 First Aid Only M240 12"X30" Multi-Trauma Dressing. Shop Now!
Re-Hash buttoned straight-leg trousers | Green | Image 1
==========
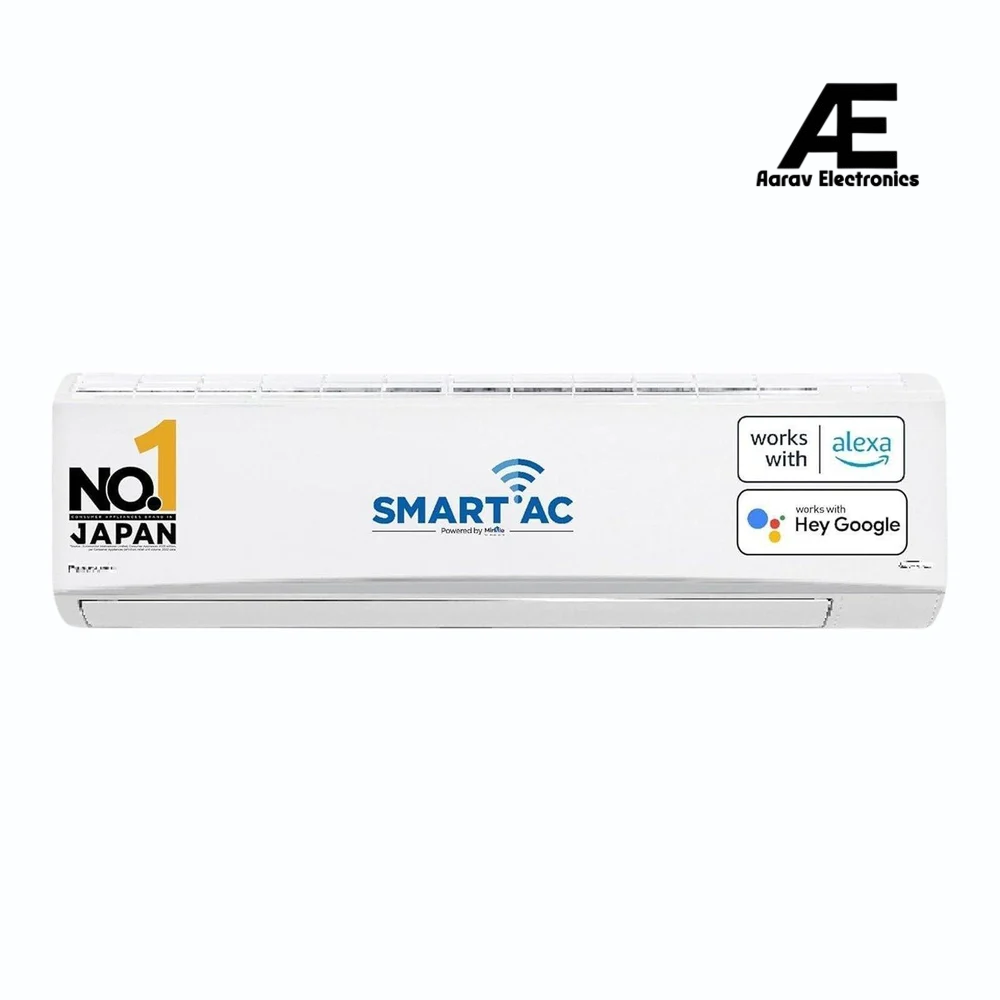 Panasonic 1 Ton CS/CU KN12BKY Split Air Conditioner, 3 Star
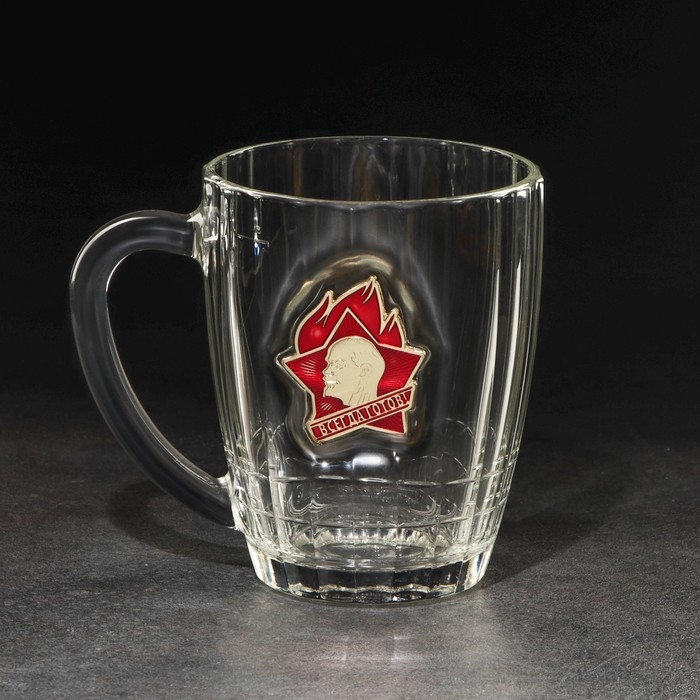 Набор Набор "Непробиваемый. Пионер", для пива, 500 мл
==========
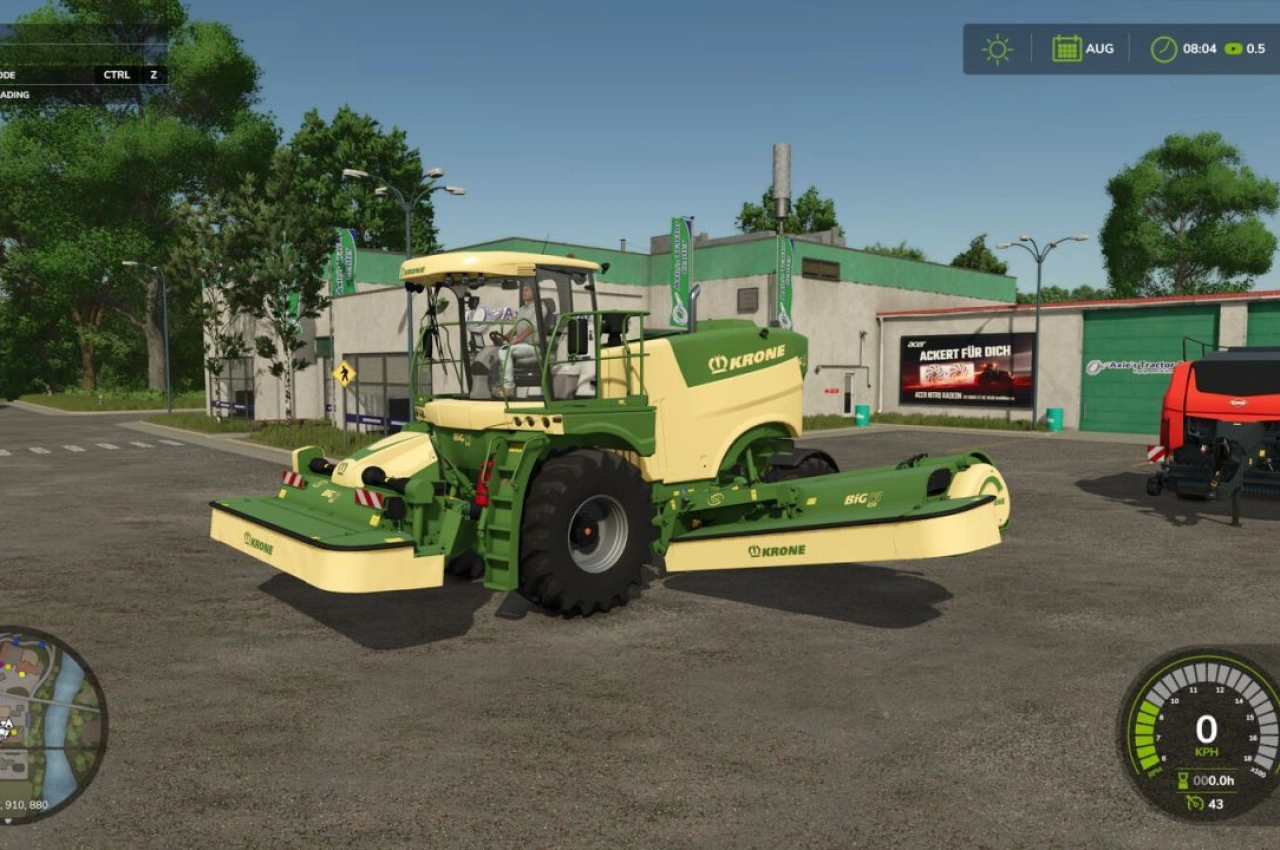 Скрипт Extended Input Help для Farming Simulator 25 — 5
==========
### [What you need to do]
Retype exactly, and only, the lines above from the one where "First Aid Only" occurs up to and including the one where "Re-Hash buttoned straight-leg" occurs.

### [Reply]
 First Aid Only M240 12"X30" Multi-Trauma Dressing. Shop Now!
Re-Hash buttoned straight-leg trousers | Green | Image 1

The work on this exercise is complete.